Eugene Chaphi, Trainee Attorney and Dumisani Ndiweni Partner from Webber Wentzel
A recent Labour Court judgment reaffirms the court’s position to support employers that dismiss employees for racial misconduct, whether casual or brazen.
Racially motivated misconduct continues to rear its head in the corridors and behind the closed doors of the workplace. Having regard to the obligations imposed on employers in the Employment Equity Act, employers bear the responsibility to “stamp out” such conduct to prevent and eliminate the occurrence of harassment, among others.
The recent judgment of Mpungose v Nedbank Group Limited,[1] handed by the Labour Court dealt with an employee who had been dismissed for several charges of gross misconduct. One charge of which the employee was found guilty of at a disciplinary hearing, was having resorted to racial stereotyping and/or unfairly discriminating against people on racial grounds by:
- saying that black people are lazier and are more incompetent than white people;
- saying that black people do not deliver;
- criticising the performance and/or leadership of the employer’s black executives; and
- telling one of their colleagues that they could not “let this white boy” beat them.
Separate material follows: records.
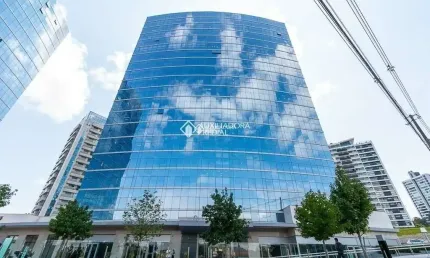 Sala comercial para alugar na Avenida Senador Tarso Dutra, 565, Petrópolis, Porto Alegre, 53 m2 por R$ 3.700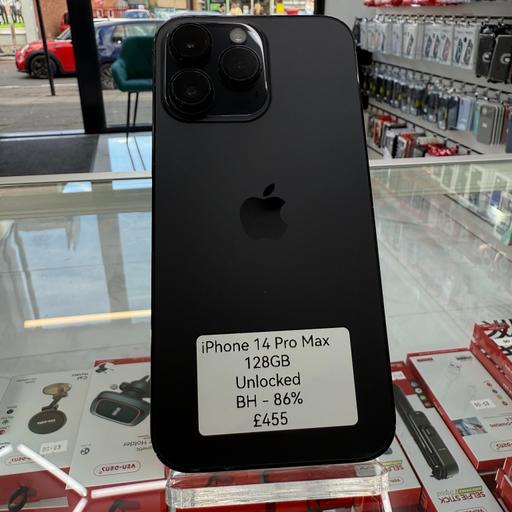 Buy & Sell Sutton Coldfield Birmingham - Photos for iPhone 14 Pro Max 128GB Unlocked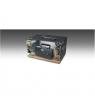 Muse Portable radio M-28DG USB port, AUX in,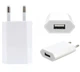 Мережевий зарядний пристрій Apple iPhone 5W USB Power Adapter (Блок живлення) - зображення 1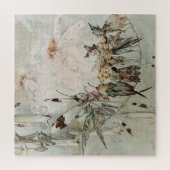 “Exotics at Play” by A Duncan Carse ジグソーパズル (縦)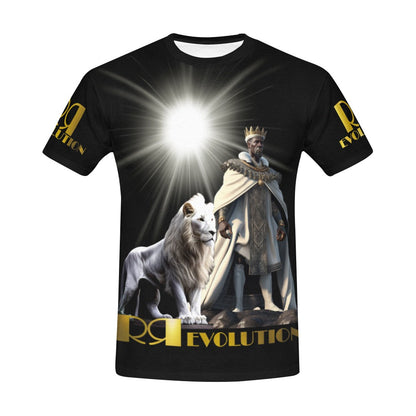 R Evolution Winter King - Unisex Tee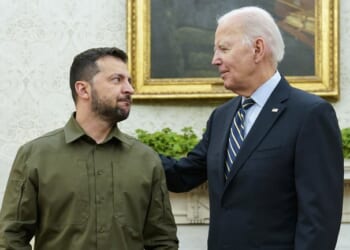 Ukraine War Aid May Have Been Funneled to Biden Campaign, DNC – PJ Media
In addition, the employee was charged with harassment, bullying and victimisation as it was alleged that she made several remarks that were offensive, humiliating and derogatory such as referring to employees as stupid and useless. It was even alleged that she informed one of the employees that he “should be a man” and stop being weak. The ironic part of this case is that the employee was the Executive Head of Human Resources for the bank at the time she made these utterances.
The employee referred her dismissal to the Commission for Conciliation, Mediation and Arbitration (CCMA) which found the employee guilty of the above allegations, and as such, the CCMA concluded that the employee’s dismissal was substantively fair.
Displeased with the outcome, the employee sought to review the CCMA’s decision in the Labour Court. The Labour Court found that the arbitrator at the CCMA appropriately considered the evidence led at the CCMA in its totality and concluded that the employee’s dismissal was substantively fair.
In arriving at its decision, the Labour Court considered the racial remarks and slurs and stated that “racial conduct in the workplace should be stamped out as it destroys the employment relationship“. In making this point, the Labour Court referred to the Constitutional Court judgment of SARS v CCMA[2], where an employee used derogatory racial language towards their colleague. The Constitutional Court stated that:
“where such injurious disregard for human dignity and racial hatred is spewed by an employee against his colleagues in a workplace, that ordinarily renders the relationship between the employee and the employer intolerable“.
The breakdown of an employment relationship is inevitable where the workplace culture instilled by an employer does not tolerate racism or any other type of disrespect based on the protected grounds of discrimination. In such circumstances, this type of conduct will erode the trust between the employer and employee and may warrant dismissal.
While it is important for employers to address individual instances of racially motivated misconduct or any type of harassment, reacting to such occurrences alone is not enough. Employers also have a duty and responsibility to prevent these issues by creating a workplace culture free from any form of racial misconduct, bullying, harassment and victimisation.